Un bruissement sur le côté l'incita à tourner la tête dans cette direction ; rien.
– Suis-je parano ?
Ses yeux marron se relevèrent et son regard parcourra le ciel immaculé. Un second bruit suspect dans la végétation plus loin la fit bondir sur ses pieds.
– Qui est là ?
La jeune fille se rapprocha en douceur, atteignit les premiers buissons et écarta quelques feuilles, les mains un peu moites. Malgré l'apparence paisible de cet endroit, cette « naeva », elle craignait malgré tout une mauvaise surprise. Peut-être pas un troll de deux mètres avec des pieds poilus, mais au moins un inconnu qui pourrait, théoriquement, réagir n'importe comment.
Avec surprise, elle croisa deux iris verts perdus dans un visage recouvert de boue aux longs cheveux emmêlés ; un homme tout nu. Dès qu'il la vit, ils restèrent figés quelques secondes avant que, pris de peur, l'homme se mît à s'enfuir à toutes jambes.
Une fois la première surprise passée, où Lola faillit rire d'avoir vu un tel phénomène, les fesses à l'air, s'échapper comme s'il venait de croiser une méchante sorcière, elle s'interrogea. Malgré l'air sauvage manifeste de cette apparition, une impression de déjà-vu persistait dans son esprit.
Cette fois, ce furent des sanglots qui provenaient de l'arbre qui interrompirent ses réflexions. D'un soupir, Lola prit le chemin inverse et retourna à son point de départ. Là, elle découvrit le même gamin asexué qu'à leur première rencontre ; à un détail près : il arborait bien les mêmes cheveux châtains et bruns, mais, cette fois, il était mal habillé, les pieds nus et au comble du désespoir.
– Qu'as-tu ? Que se passe-t-il ? lui demanda-t-elle non sans s'accroupir face à lui.
Ses yeux vairons, marron et vert, se plantèrent dans les siens.
– J'ai peur ! couina l'enfant. Et j'ai froid ! renchérit-il moins d'une seconde après.
Lola tendit ses bras vers lui et il s'y engouffra aussitôt, comme s'il n'avait attendu que cette invitation. Durant plusieurs minutes, elle essaya de le réchauffer autant que de calmer ses hoquets, ses larmes et sa tristesse manifestes. Mais quoi qu'elle lui demandât, cet étrange petit être ne répondait rien.

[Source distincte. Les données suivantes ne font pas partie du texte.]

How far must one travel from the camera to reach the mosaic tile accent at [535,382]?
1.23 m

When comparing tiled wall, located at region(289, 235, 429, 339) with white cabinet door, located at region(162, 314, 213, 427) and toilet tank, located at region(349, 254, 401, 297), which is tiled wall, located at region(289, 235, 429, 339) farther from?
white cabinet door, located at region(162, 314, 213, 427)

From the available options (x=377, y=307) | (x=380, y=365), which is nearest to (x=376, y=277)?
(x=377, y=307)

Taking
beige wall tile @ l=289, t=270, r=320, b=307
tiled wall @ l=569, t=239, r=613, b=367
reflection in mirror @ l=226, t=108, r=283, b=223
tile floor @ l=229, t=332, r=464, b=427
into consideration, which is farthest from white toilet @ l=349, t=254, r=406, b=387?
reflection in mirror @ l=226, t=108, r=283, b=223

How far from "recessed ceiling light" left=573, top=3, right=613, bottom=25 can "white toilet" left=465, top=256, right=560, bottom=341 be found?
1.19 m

– Un sauvage tout nu, un enfant qui passe son temps à pleurer... Je ne dirais pas non à un indice ou deux, chuchota la jeune femme, abattue.
– Je suis perdu, renifla celui qu'elle consolait toujours.
– Ce n'est pas logique...
La jeune fille l'obligea à se détacher d'elle pour l'inciter à la regarder dans les yeux. Une fois encore, son regard étrange l'intrigua, mais elle se força à se concentrer sur son problème présent.
– La dernière fois, tu possédais toutes les réponses à mes questions ! reprit-elle.
– Je ne vous connais pas, déclara le gamin, catégorique.
– Tu as perdu la mémoire ? C'est toi qui m'as expliqué que nous étions en Emeth et... et pleins d'autres trucs !
En vérité, elle n'arrivait plus à se souvenirs de grand-chose de leur premier échange, sinon qu'elle ne risquait rien ici, tant qu'elle n'y restait pas. L'enfant, de son côté, continuait de la fixer de son air vide, un peu incrédule, avant de finir par sourire.
– Tout ce que je sais, c'est que je dois protéger lui, là !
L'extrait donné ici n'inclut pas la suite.